The Ottoman Empire, like the other two Muslim empires, had one central ruler with many different bureaucrats that worked underneath him. The main difference here is that all the people that worked below the ruler were not selected because of their social status or because of their family, but solely on their merit and their ability to do the job how it needed to be done. It seemed that in the Indian and Persian territories, that more people were selected for their position based on their social status.

They way that any of these empires expanded their power was through warfare.

To the Ottomans, the military, which was usually controlled by the bureaucracy, was very important for their political power. A large part of the Ottoman army was the Janissaries, which was basically a slave army. They also used cavalry and other units to help fight the wars, but one of the most unique ideas was that all of the men were treated equal. The Persians seemed to not treat everyone as equals and relied more on the idea that everyone was in a different class. This was also the case for the Indian Empire, they tended to treat everyone according to how and in what social standing they were born.

The economic system for all three of these great empires, revolved mainly around trade. Due to the location of these empires, most were in prime positions to set up trade routes with many other countries. The Ottomans saw merchants as a not so honorable position.
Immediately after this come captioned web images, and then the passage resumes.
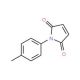 1-p-Tolyl-pyrrole-2,5-dione (CAS 1631-28-3) - chemical structure image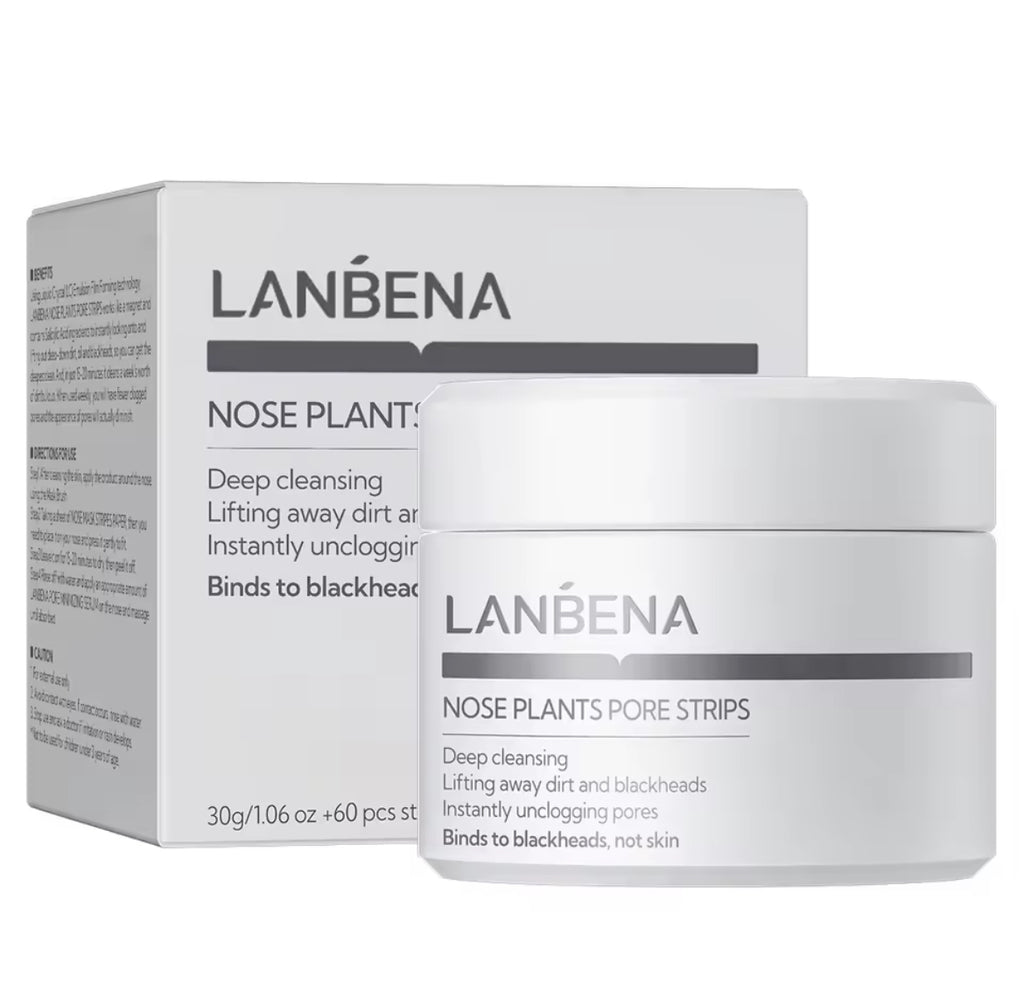 LANBENA masque anti point noir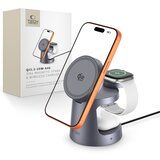 TECH-PROTECT A48 3-V-1 MAGSAFE BREZŽIČNI POLNILEC 25 W ZA TELEFONE MAGNETNI, (5000337511) Cene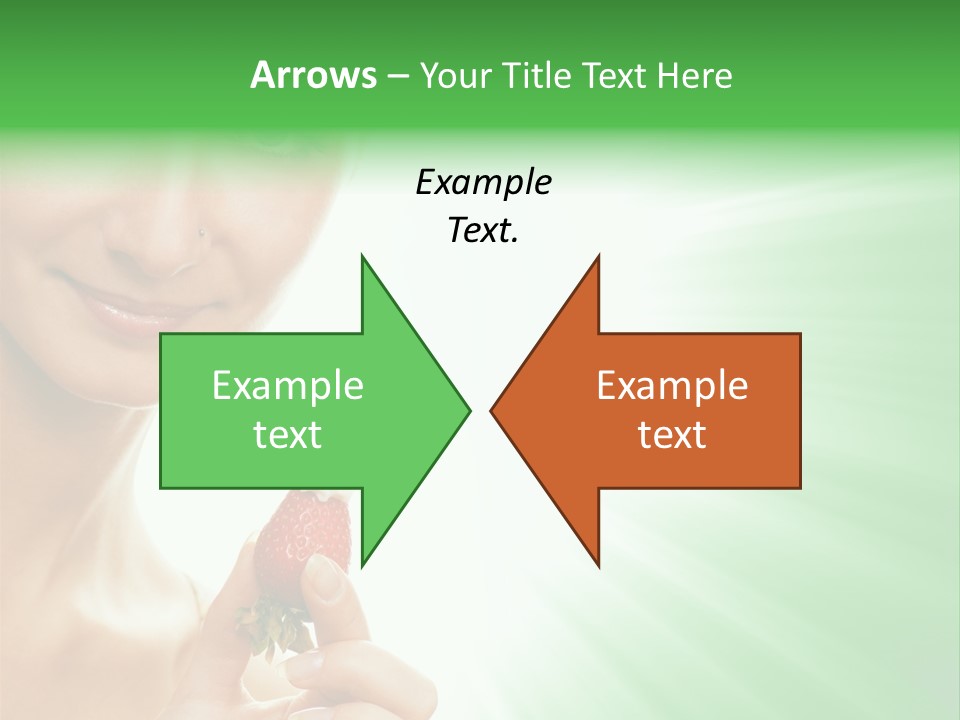 Smiling Diet Morning PowerPoint Template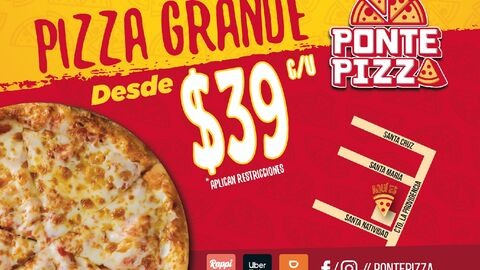 Ponte Pizza Pachuca image 3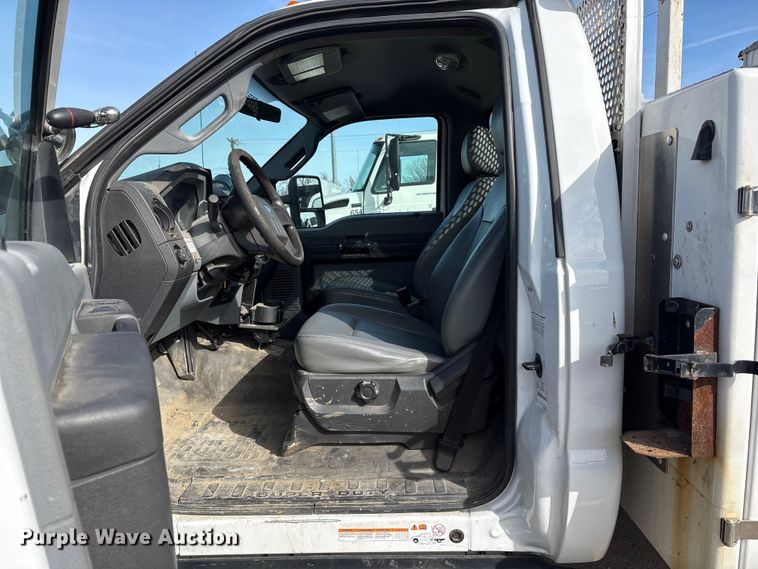 image for item FK1126 2012 Ford F-550 bucket truck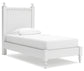 Cama con paneles Mollviney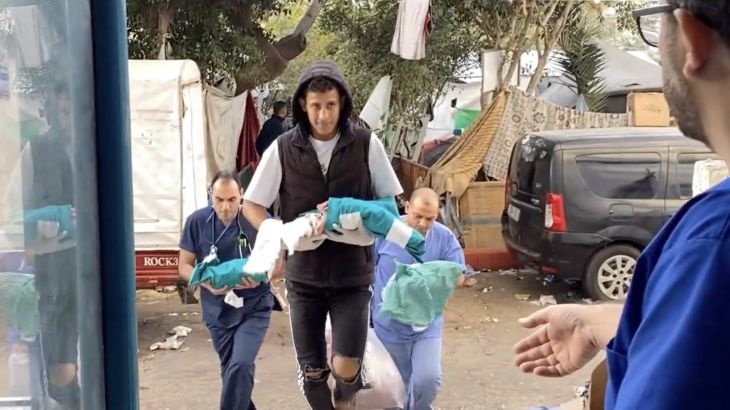 أخلى الاحتلال الإسرائيلي كل من في المستشفى وبينهم الأطفال الخدج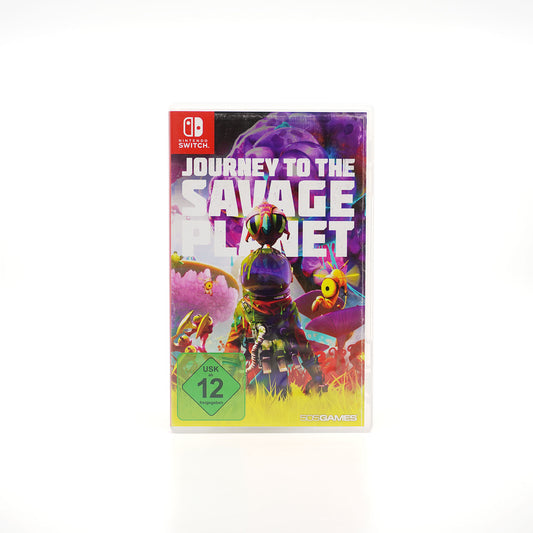 Journey to the Savage Planet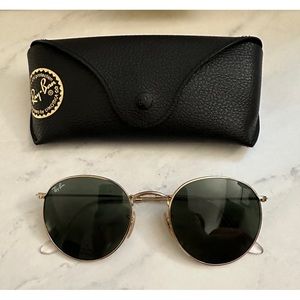 Ray-Ban Round Metal Sunglasses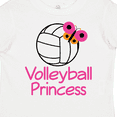 thumbnail image 4 of Inktastic Volleyball Butterfly Princess Girls Toddler T-Shirt, 4 of 5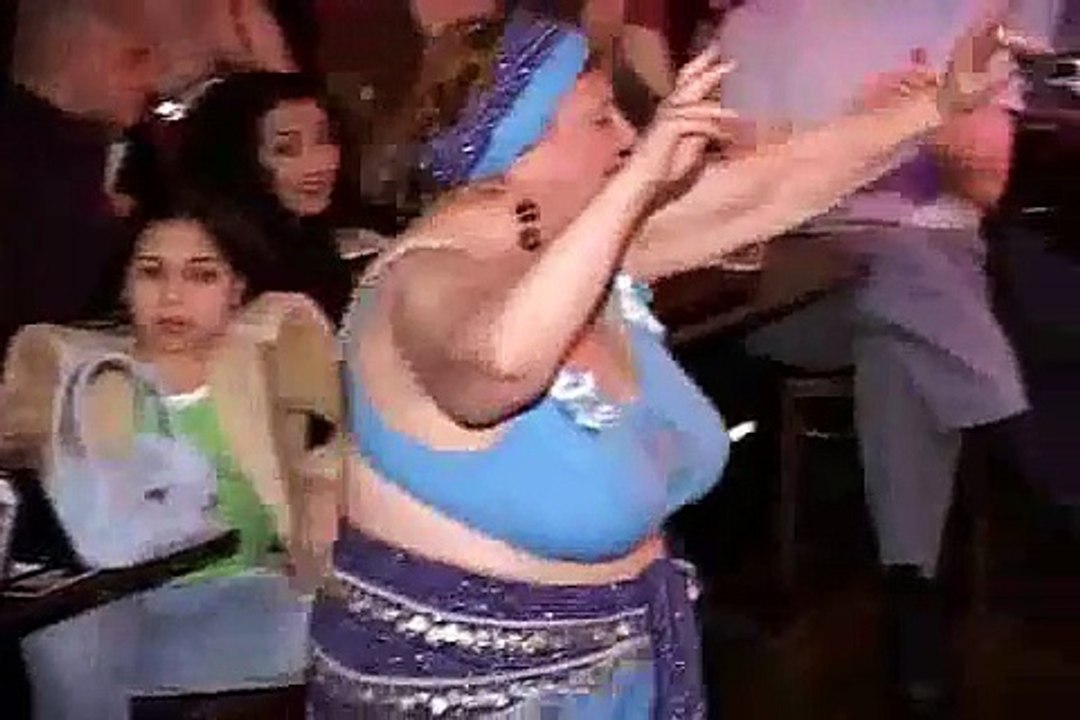 Belly Dancing Grandma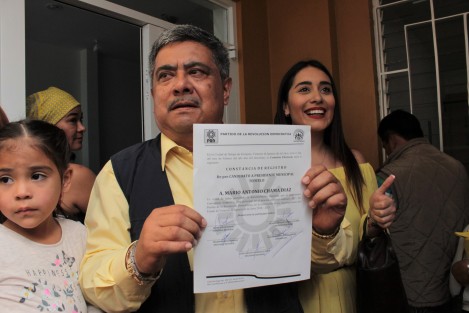 Mario Chama agradeció la confianza del PRD al darle la oportunidad de trabajar a favor de su municipio, recordando que es la primera vez que buscará un puesto de elección popular. Dijo que buscará impulsar turísticamente a su municipio además de mejoras en materia de salud y educación para sus paisanos. 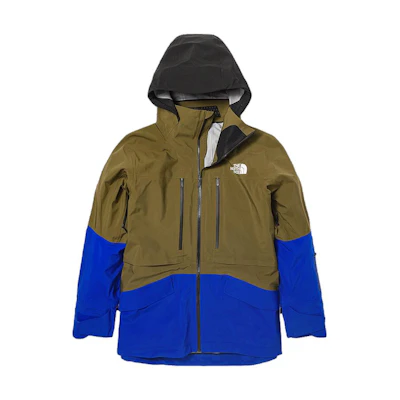 TNF FUTURELIGHT 3L Colorblock Waterproof Windproof Ski Jacket Green NF0A82UT-HK0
However, they still began to trade between the surrounding lands, but predominantly stayed self-contained. Trading was very important to the Persian economy. They looked upon merchants with great respect and this title was only given to men who trade in foreign countries. It was thought that Persians traded their goods all over Europe. The Indian empire, while also relaying on trading, most of their exports came from manufactured goods. They predominantly fulfilled a need for cotton cloth in Europe and many other parts of the world. The only problem that arose while dealing with India was the fact that the merchants only took silver or gold for payment, which could be hard to come by for some people.

Overall, these three great Muslim empires left an everlasting impact on the world today. Although they all shared some similar characteristics, their many differences is what separated them from each other, and the rest of the world.